S&P 400 MidCap Index: This index serves as a gauge for the U.S. mid-cap equities sector and is the most widely followed mid-cap index. To be included in the index, a stock must have a total market capitalization between $5.8 billion and $15.8 billion.

Russell 2000 Index: The Index is constructed to provide a comprehensive, unbiased barometer of the small-cap segment of the US equity market. A subset of the Russell 3000 Index, it includes approximately 2,000 of the smallest securities based on a combination of their market cap and current index membership.

MSCI EAFE Index: The Index is an equity index that captures large and mid-cap representation across 21 Developed Markets countries around the world, excluding the US and Canada. With 783 constituents, the index covers approximately 85% of the free float-adjusted market capitalization in each country.

MSCI EM Index: The Index captures large and mid-cap representation across 24 Emerging Markets (EM) countries. With 1,440 constituents, the index covers approximately 85% of the free float-adjusted market capitalization in each country.
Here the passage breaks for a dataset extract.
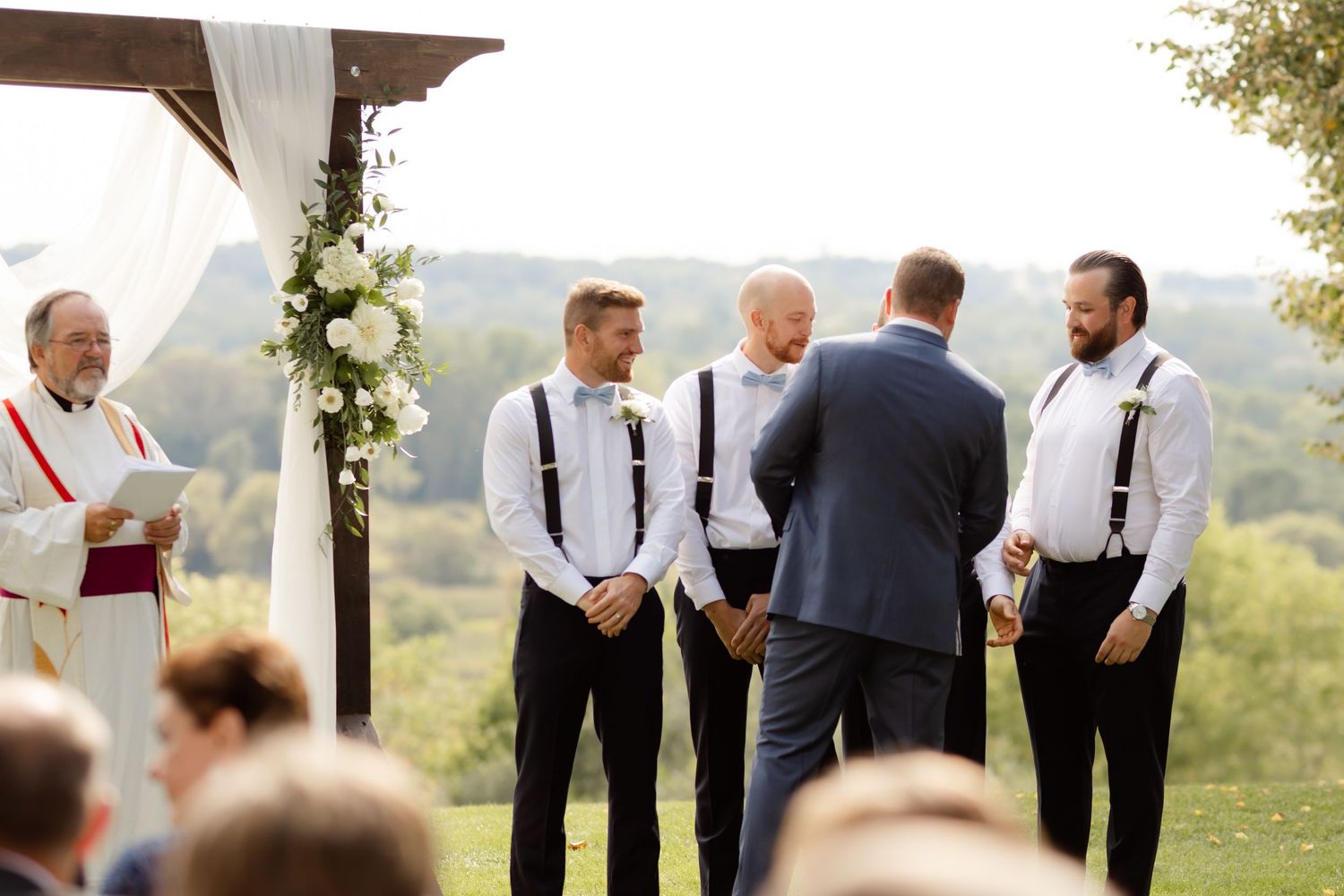 Wedding ceremony setup with officiant and groomsmen under wooden arch outdoors.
Bloomberg US Aggregate Bond Index: The Index is a broad-based flagship benchmark that measures the investment-grade, US dollar-denominated, fixed-rate taxable bond market. The index includes Treasuries, government-related and corporate securities, fixed-rate agency MBS, ABS, and CMBS (agency and non-agency). Provided the necessary inclusion rules are met, US Aggregate-eligible securities also contribute to the multi-currency Global Aggregate Index and the US Universal Index. The US Aggregate Index was created in 1986, with history backfilled to January 1, 1976.